The prototype was developed as part of a research project on “Updatable and Low Power AI-Edge LSI Technology Development” commissioned by the New Energy and Industrial Technology Development Organization (NEDO) of Japan.
Quantized DNN Engine
Socionext’s new architecture is based on “quantized DNN technology”, which reduces the parameter and activation bits required for deep learning. The architecture provides better AI processing performance at lower power consumption. It incorporates bit reduction including 1-bit (binary) and 2-bit (ternary) in addition to the conventional 8-bit, as well as the company’s original parameter compression technology, enabling a large amount of computation with fewer resources and amounts of data.
To pair with the AI engine, Socionext has also developed a new on-chip memory technology to provide efficient data delivery, which cuts the need for large amounts of on-chip or external memory.
The newly prototyped chip integrates both new technologies to confirm functionality and performance. The prototype chip achieved object detection by “YOLO v3” at 30fps, while consuming less than 5W of power – 10 times more efficient than conventional, general-purpose GPUs. The chip also features a high-performance, low-power Arm Cortex-A53 quad-core CPU.

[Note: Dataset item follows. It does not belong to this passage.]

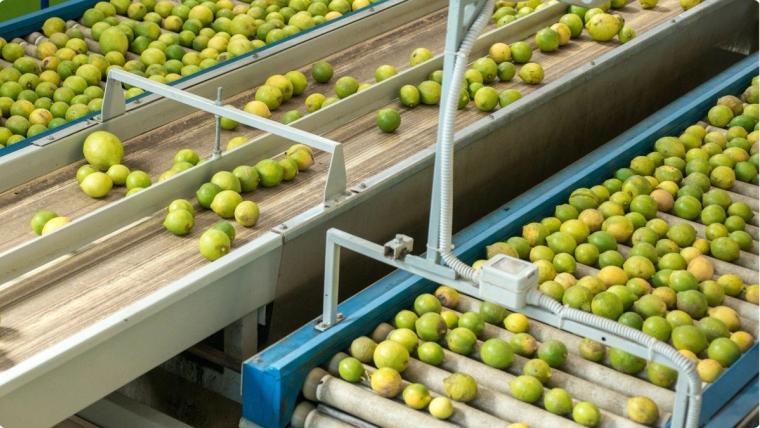 Cómo Mejoramos los Procesos de Limpieza en una Empacadora de Limón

Deep Learning Software Development Environment
To complement the chip, Socionext has also developed a deep learning software development environment that incorporates TensorFlow as the base framework. The new environment allows developers to perform original, low-bit “quantization-aware training” or “post-training quantization”. Users can apply the optimal quantization technology to various neural networks and execute highly accurate processing.